Toplum eğer tahakkümden, zulümden, küfürden, istibdattan kendini kurtarıp gerçek manada huzur, mutluluk, barış, ekonomiksel zenginlik gibi hallerle tanışıp yaşamak istiyorsa, “özümüzü, milliliğimizi ve yerliliğimizi” öne çıkarmalıyız!...

Onunla hemhal olmalıyız...

Yoksa, bugüne kadar yakın tarihimizde bize gösterilen ve bizi morfinleyen CHP’nin anlayışı paralelindeki müesses nizam, millet ile devletin “barışık” olmasını sağlayamayacağı gibi; bir araya gelmesi de beklenilemez!...

Vaziyet, hayalden öteye gitmez!...

Ve millet, dün olduğu gibi bugün de, nifak tohumlarıyla karşı karşıya kalmaya mahkum bırakılacaktır...

Çünkü CHP anlayışı hep “darbecilik” üzerine kurguludur...

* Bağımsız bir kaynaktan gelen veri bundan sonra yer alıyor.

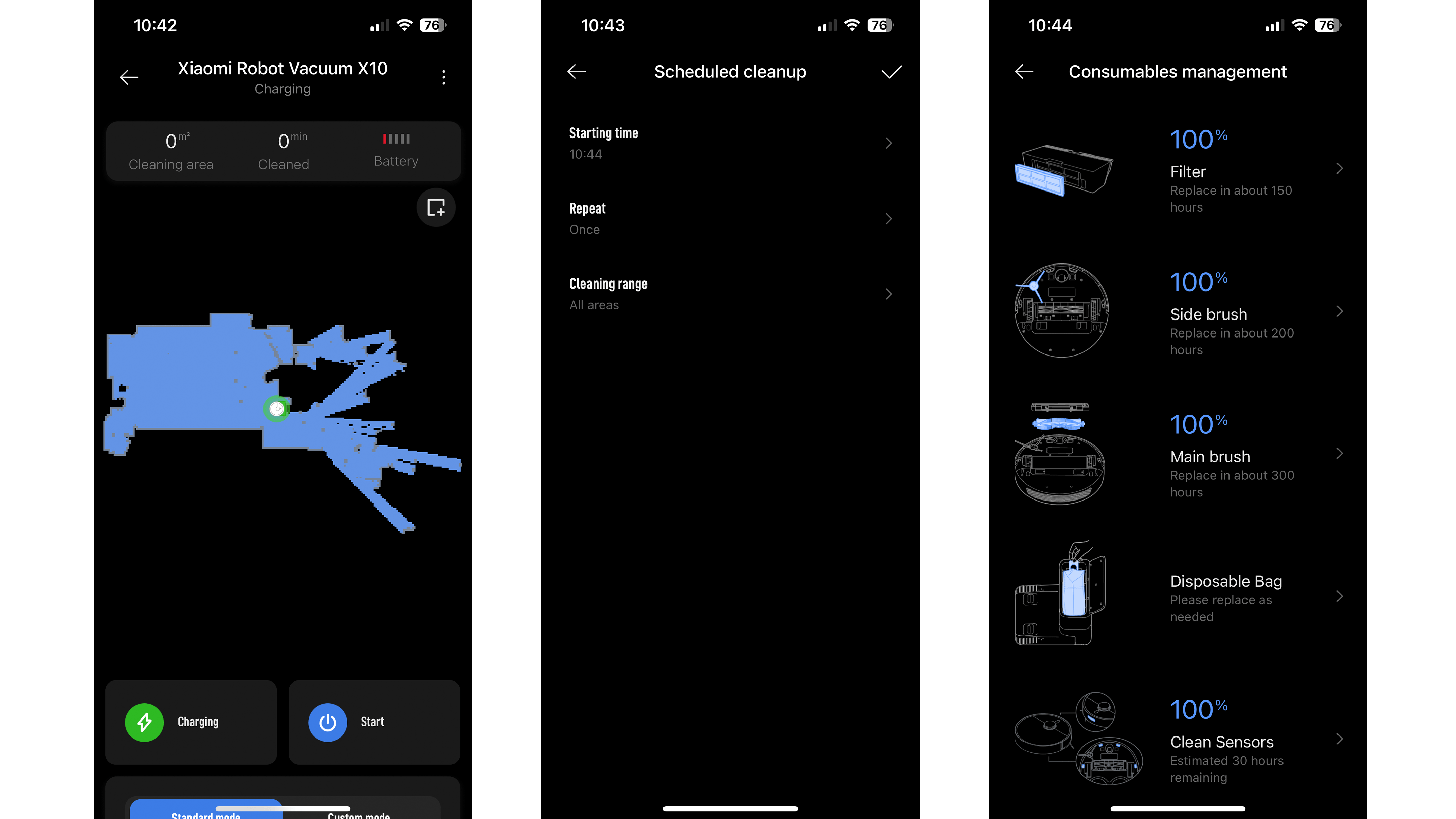 Xiaomi-App Einstellungsmöglichkeiten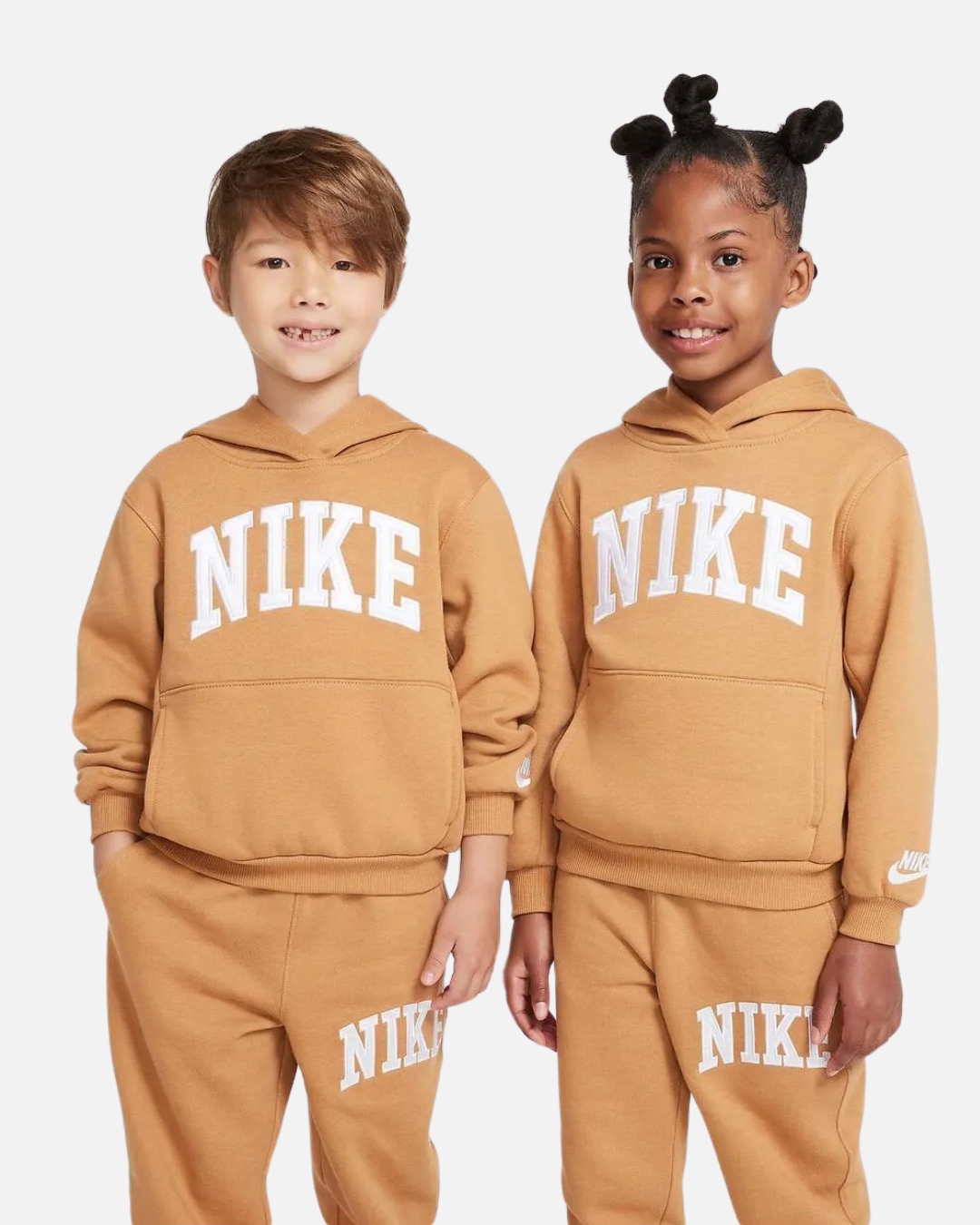 Sweat à capuche Nike Fleece Junior - Camel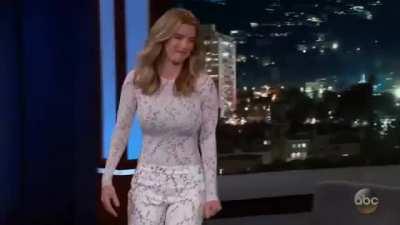 On the Jimmy Kimmel show 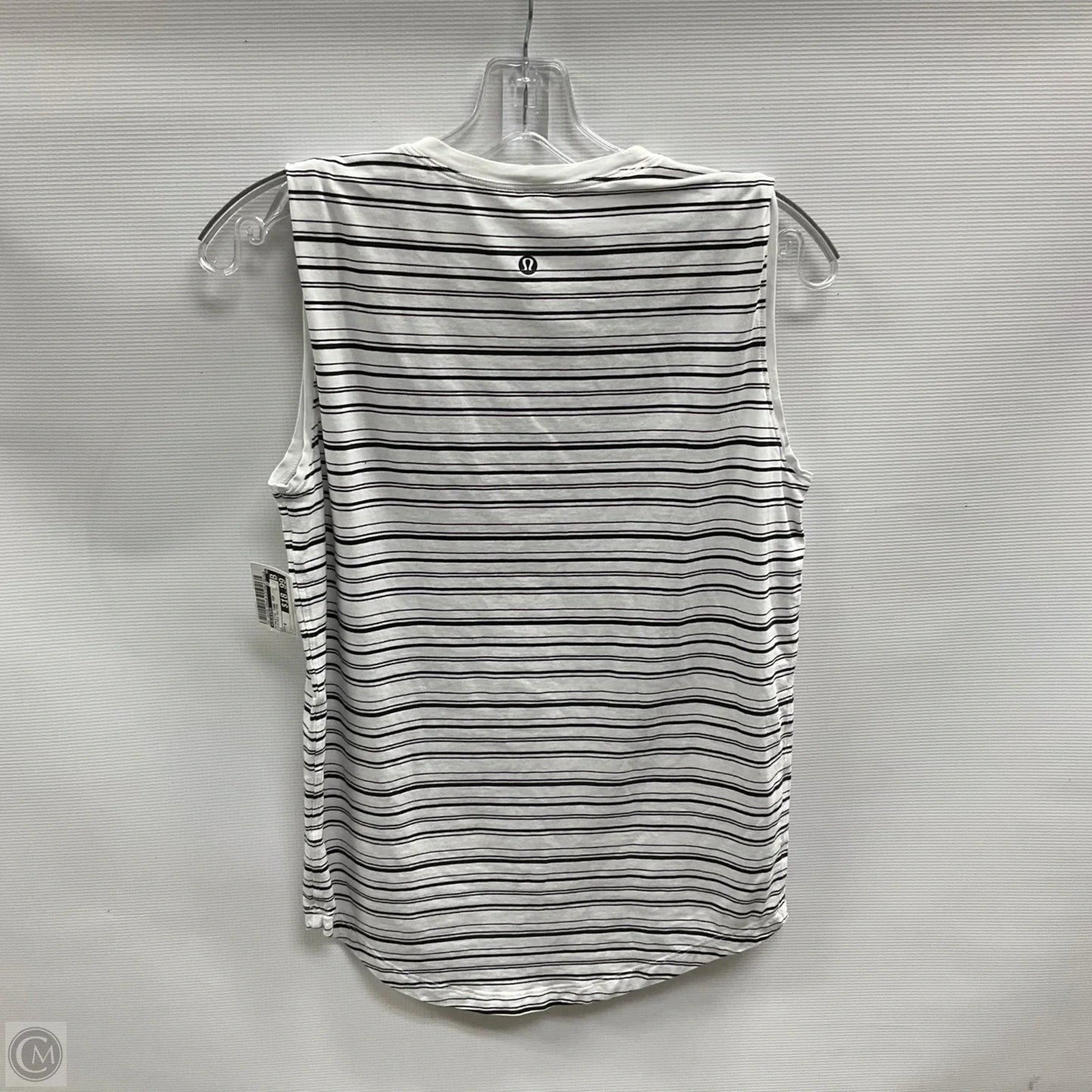 Athletic Tank Top By Lululemon In Striped Pattern, Size: 4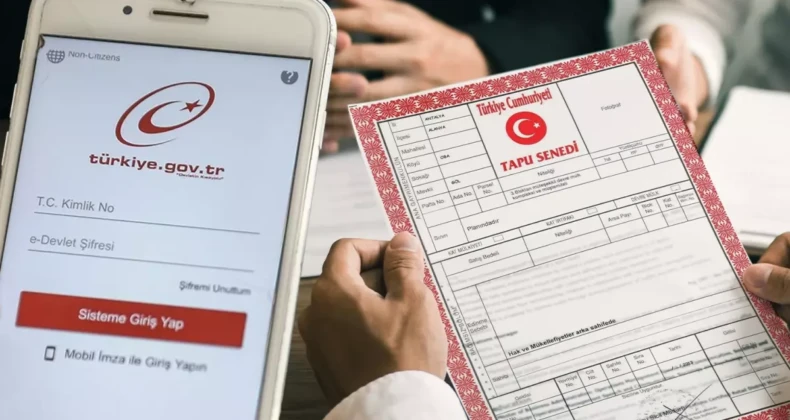 1 Şubat itibarıyla başlıyor! e-Devlet’ten onay vermeyen tapulu evini satamayacak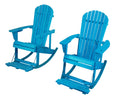 WUnlimited SW2007SB-R2 Adirondack Rocking Chair, Sky Blue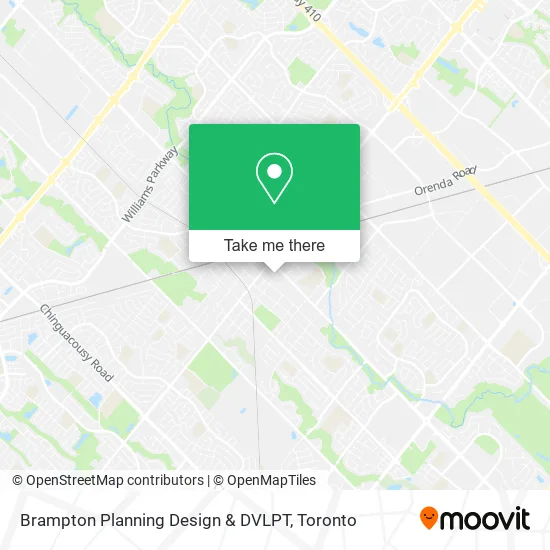 Brampton Planning Design & DVLPT map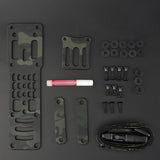 Maxbell Modular Holster Adapter Platform Belt Quick Locking System Leg Strap Kit black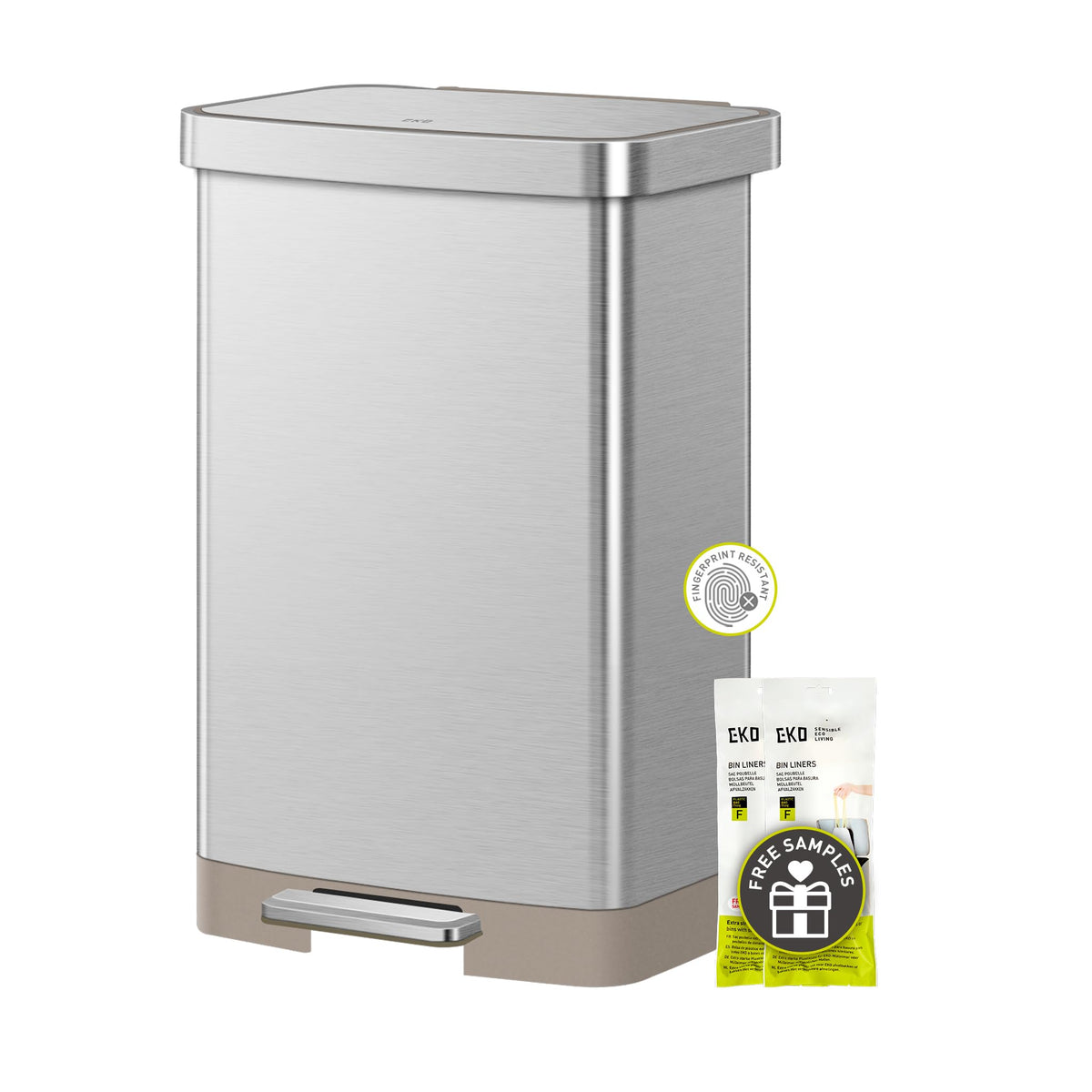 EKO Hudson front view shows matte stainless finish for a modern kitchen.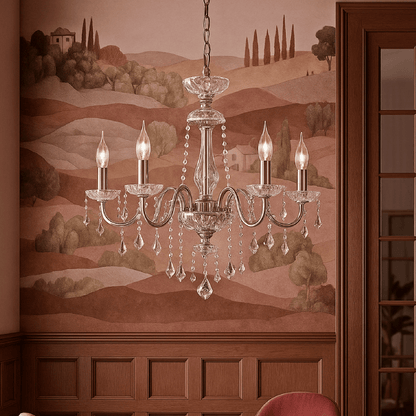Brigitte Chandelier - Champagne Silver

Zira aziz milletimiz, inançlı ve şerefli bir millet olma hasebiyle az-çok hala morfinleştirilmeyen zeki insanlarımız var.

Aklı başında, imanıyla yaşayan toplumda büyük bir kesim mevcuttur.

CHP’nin neye hizmet ettiğini, kimin adına çalıştığını çok iyi biliyor..

İşte tarihten kısa bir örnek..

İttihat Terakki partisinin müstevli İngilizleri İstanbul’a çağırıp, İstanbul’u ellerine teslim ettikten sonra Osmanlının yıkılması..

Ardından, “Cumhuriyet” adını taşıyan bir rejimin kurulması...

Ve 1924’te Hilafet-i İslaminin lağvedilmesi..

1932’de da Anayasaya “laiklik” kavramının getirilmesi...

Silsile misali gelişen İttihat Terakki Partisinin mirasçısı CHP’nin bu anlayışı   toplumu derinden derine morfinleştirerek, yanlış ve batıl, uyduruk sloganlarla ülkeyi ve toplumu ele geçirmeye çalıştı...

Nitekim bu anlayışın temele adan da, dönemin İngiliz Dışişleri Bakanı baş mürahhası Lord Curzon’dur...

Onun direktif ve talimatları doğrultusunda; herşey planlanıp, hayata geçirildi...

CHP’nin Milletvekili listesini hazırlayın kişidir Gurzon..

Hilafet-i İslimiye’nin ilgasından sonra şu talimatı vardı...

“Mutlak bir dinsizlikle toplumu tanıştıracaksınız, aksi halde elinizde olan coğrafyayı da oluruz” dedi..

Böylece istiklal savaşında kahraman milletimizin büyük mücadelesi sonucunda kazanılan zaferler, daha sonra “masada” hezimetler olarak, geri döndü...

Her ne kadar “Yunanlıları denize döktük” gibi bir inanç söz konusuysa da, ki millet bu şekilde inanmış.

Ama her nedense denize döktüğümüz o düşman, 12 ada onlara bırakıldı!.

Onların bütün gayriahlaki insanlık şeref ve haysiyetine yakışmayan sefil ve rezil antidemokratik, hukuk dışı yasalar, bize uygulanır oldu...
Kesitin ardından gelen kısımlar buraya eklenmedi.